NOD.ChgA−/− mice showed a reduction in the insulin content of the pancreas relative to the wild-type (WT) NOD (NOD) mice (Fig. 1A), suggesting a defect in insulin biosynthesis. We also found a decrease in the serum insulin levels in the NOD.ChgA−/− mice upon glucose challenge (Fig. 1B). This observation may be explained by impaired insulin biosynthesis or secretion resulting from ChgA deficiency. To correlate these findings with the presentation of insulin and its degradative peptides, we assessed islet presentation of insulin epitopes. Two different sets of insulin-reactive CD4 T cells recognizing the InsB:12–20 (9B9) or InsB:13–21 (IIT-3) epitope, as described previously (4,26), were tested. We used young male mice (4–6 weeks of age) for the experiment. At this stage, the major APC in the islet was the islet-resident macrophage, while the infiltration of other APCs was minimal. The absolute numbers of the islet macrophages were comparable between the NOD.ChgA−/− and NOD mice (data not shown). We first cultured the T-cell hybridomas with dispersed islet cells from NOD or NOD.ChgA−/− mice without pulsing with exogenous antigens. This spontaneous presentation of both insulin epitopes was significantly reduced in the islets of NOD.ChgA−/− mice (Fig. 1C). Such a difference was not due to different antigen-presenting capacities, because the exogenous pulse of islet cells from NOD and NOD.ChgA−/− mice with the InsB:9–23 peptide elicited similar responses from either T-cell clone (Fig. 1D). Consistent with the previous study (11), we confirmed that presentation to the BDC2.5 T cells was absent in the islets of the NOD.ChgA−/− mice (Supplementary Fig. 1A).

Figure 1Figure 1Figure 1

NOD.ChgA−/− mice display impaired insulin presentation. A: Pancreatic insulin content in 5-week-old NOD or NOD.ChgA−/− mice assessed by ELISA. Data (mean ± SEM) summarize results from three independent experiments. Each dot represents individual mouse. B: ELISA analysis of serum insulin levels in NOD or NOD.ChgA−/− mice under indicated conditions. Data (mean ± SEM) are representative of two independent experiments. Each dot represents individual mouse. C: Islet cells from 4- to 6-week-old male NOD or NOD.ChgA−/− mice are evaluated for their spontaneous presentation to two different CD4 T-cell hybridomas (IIT3 and 9B9). Islet cells (5 × 104) were cultured with the IIT3 or 9B9 T cells (5 × 104) without pulse with exogenous antigens.

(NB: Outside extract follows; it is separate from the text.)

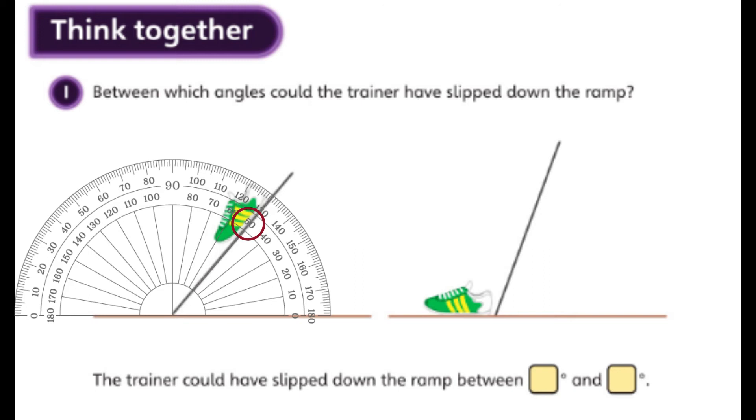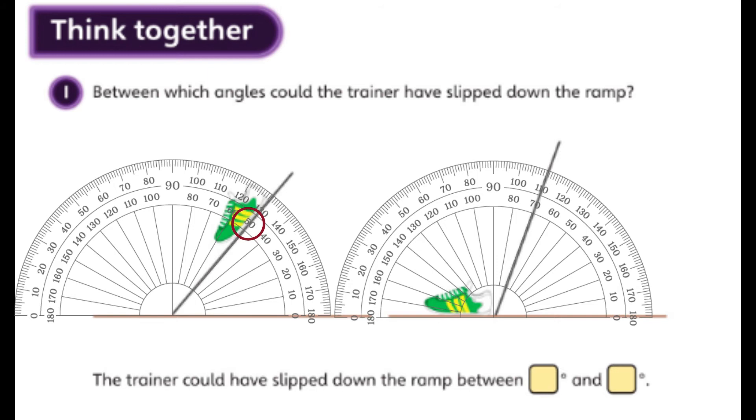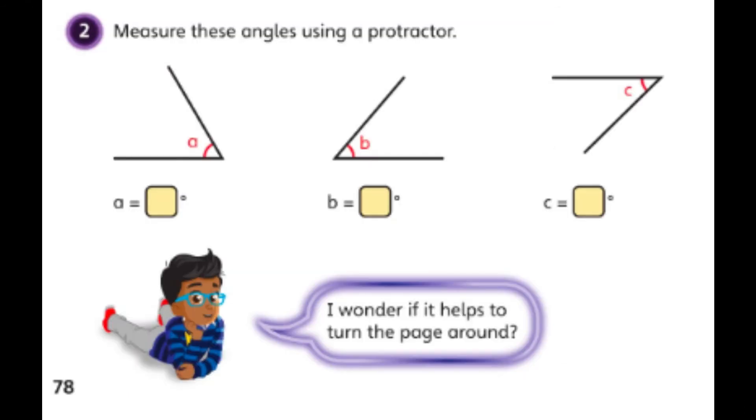Now let me measure the second angle. Again I line it up on the zero line with the table and make sure the center point of my protractor matches the point of the angle. Following the scale starting from zero, I can see this angle is 70 degrees — that makes sense too because it's also an acute angle, so it can't be more than 90. So the trainer must have fallen at some point between 50 degrees and 70 degrees: the trainer could have slipped down the ramp between 50 degrees and 70 degrees.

The T-cell responses were probed by measuring IL-2 production in the culture supernatants. Data (mean ± SEM) summarize results from 2–4 independent experiments. Each dot represents a biological replicate of islet cells pooled from 2–3 mice. D: Presentation to the IIT-3 and 9B9 T cells by islet cells from NOD or NOD.ChgA−/− mice pulsed with 10 μmol/L InsB:9–23 peptide. Data (mean ± SEM) summarize results from three independent experiments. Each dot represents a biological replicate of islet cells pooled from 2–3 mice. E: Flow cytometry analysis of I-Ag7, CD40, CD86, and PD-1 ligand (PD-L1) expression, as well as TNF-α and IL-1β production by islet macrophages (gated on live CD45+F4/80+CD11c+) from 5-week-old male NOD or NOD.ChgA−/− mice. Data are representative of two independent experiments. F: Spontaneous presentation of insulin peptides to IIT3 and 9B9 CD4 T-cell hybridomas by blood leukocytes isolated from NOD or NOD.ChgA−/− mice after glucose challenge. Data (mean ± SEM) summarize results from three independent experiments. Each dot represents a biological replicate of blood leukocytes from 1–3 mice. A–F: P values were calculated by unpaired two-tailed Student t test. *P < 0.05, **P < 0.01, ***P < 0.001, ****P < 0.0001. CPM, counts per minute.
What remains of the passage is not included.